FOUR rounds of fixtures take place before the next Edinburgh derby, yet thoughts of January 3 at Tynecastle are already protruding into the mind. Hearts players are eager to atone after surrendering their Scottish Cup at Easter Road, not to mention gain ground on their rivals in the Scottish Premier League.
Six points separate the Capital clubs at the moment with Hibs sitting fourth and Hearts eighth after the weekend. Hearts beat Aberdeen 2-0 on Saturday whilst their neighbours suffered a 3-0 trouncing in Inverness. Potentially hazardous away trips to St Johnstone, Kilmarnock and Ross County await John McGlynn and his young team before the end of the month. There is also a home encounter with Dundee United.
However, January cannot come quickly enough for some.
“The derby means everything to us and to lose it that way last week hurt us. When the derby comes round again in a few weeks, hopefully we can make it better,” said Darren Barr, Hearts’ defender-cum-midfielder. “That game means a lot to everybody, not just us. It’s a tough game to win but we want to get a response from losing.
“There is plenty still to play for even though we are out of the Scottish Cup, especially the way the league is. If we keep it tight and get another couple of wins, then we can end up in a really positive position. We’ve got some good players and we’ve just needed to add that finishing touch at times.”
It is possible the Edinburgh clubs could swap places before Hibs visit Tynecastle in the first match of 2013. For that to happen, Hearts must build on their success against Aberdeen and master a level of consistency which has eluded them all season.
“I feel as if the team is playing well but we’re not getting the rewards,” continued Barr. “We only make our own luck and it’s about getting over the final hurdle and putting some wins together. We’ve been stopping and starting. We get one win and try to kick on and we don’t do it. It’s a bit frustrating. We want to make Tynecastle like a fortress.”
His manager shares the exasperation. Indeed, McGlynn is looking to established players like Barr, Andy Webster and Marius Zaliukas to stabilise his team and allow younger upstarts to flourish. At 27, Barr is a seasoned veteran in amongst the teenage academy graduates that now dominate Hearts’ first-team squad. He admits the elder statesman status takes some getting used to.
“Fair enough I’m experienced but you’re always still learning,” he said. “I’m 27 and it’s crazy that I’m one of the more experienced ones here. You want these young boys to push you on as well and give you a wee spark. These boys can help you and you can help them, so it works for both sides.”
How much longer it works for Barr is open to question. He is nearing the end of the lucrative three-year contract he signed after arriving at Tynecastle from Falkirk in summer 2010. His future is very much uncertain and Hearts’ financial predicament means they are in no position to negotiate a new deal for now. Barr is coy when asked what he would like to happen at the end of the season.
“I’d rather not speak about it because, at the minute, nothing’s been said to me,” he replied.
“I just want to play for Hearts and play as many games as I can because I know what it’s like not to play. You want to justify your place in the team but there is competition for places. I just want to keep playing.”

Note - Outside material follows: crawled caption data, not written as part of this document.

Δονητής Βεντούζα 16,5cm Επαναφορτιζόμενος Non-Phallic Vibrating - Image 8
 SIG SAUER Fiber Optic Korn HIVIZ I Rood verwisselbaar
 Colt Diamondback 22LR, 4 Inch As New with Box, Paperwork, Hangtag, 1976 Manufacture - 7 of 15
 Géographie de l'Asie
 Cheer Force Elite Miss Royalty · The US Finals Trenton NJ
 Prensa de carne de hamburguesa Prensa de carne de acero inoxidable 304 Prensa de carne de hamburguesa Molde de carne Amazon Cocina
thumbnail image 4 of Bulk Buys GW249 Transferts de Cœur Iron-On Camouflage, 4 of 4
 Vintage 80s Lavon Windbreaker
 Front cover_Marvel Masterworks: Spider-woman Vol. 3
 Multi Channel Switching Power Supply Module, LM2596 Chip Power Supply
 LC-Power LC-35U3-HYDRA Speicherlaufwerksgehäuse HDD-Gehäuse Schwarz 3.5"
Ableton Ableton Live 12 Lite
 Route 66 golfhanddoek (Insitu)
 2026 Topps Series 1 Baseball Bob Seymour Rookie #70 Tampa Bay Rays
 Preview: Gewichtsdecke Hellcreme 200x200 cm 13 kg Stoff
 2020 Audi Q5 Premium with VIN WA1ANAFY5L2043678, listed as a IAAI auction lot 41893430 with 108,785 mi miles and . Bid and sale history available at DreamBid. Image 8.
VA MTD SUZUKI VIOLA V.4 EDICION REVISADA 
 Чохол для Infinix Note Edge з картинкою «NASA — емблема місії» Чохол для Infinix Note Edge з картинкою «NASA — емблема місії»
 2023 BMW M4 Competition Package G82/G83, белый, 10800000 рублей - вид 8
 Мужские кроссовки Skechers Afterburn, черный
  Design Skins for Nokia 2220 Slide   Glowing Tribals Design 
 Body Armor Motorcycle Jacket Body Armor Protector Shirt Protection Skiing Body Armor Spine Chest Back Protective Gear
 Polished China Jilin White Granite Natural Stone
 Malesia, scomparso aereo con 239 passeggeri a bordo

His appearance record this year denotes he is a key member of the squad. Barr has started every single Hearts match since McGlynn became manager and played mostly as a holding midfielder rather than in his favoured central defensive role. His job is to act as a spoiler, breaking up opposition attacks and starting the ball rolling from deep.
“I’ve got experience of it now,” he said. “It helps having boys like Webby behind me, they make it much easier by guiding you. I played in midfield with Blackie last year and we have a good blend going this year. It’s not really my forte to score goals but if I can chip in, so much the better.”
Barr’s one and only Hearts goal remains the crucial opener in last season’s Scottish Cup final, which set the tone for a memorable 5-1 romp against Hibs. He still sports a rather unwanted souvenir from that campaign, though, and one he is struggling to get rid of. Above his left eyebrow is a lump which looks red and fresh, as if the result of a very recent injury. In truth, it is anything but.
“It’s still there since the Auchinleck Talbot game last January, it’s not gone down,” he laughed. “Sometimes it’s prominent, sometimes it’s not. It’s just there all the time. I don’t think my missus is too happy about it, but what can you do?”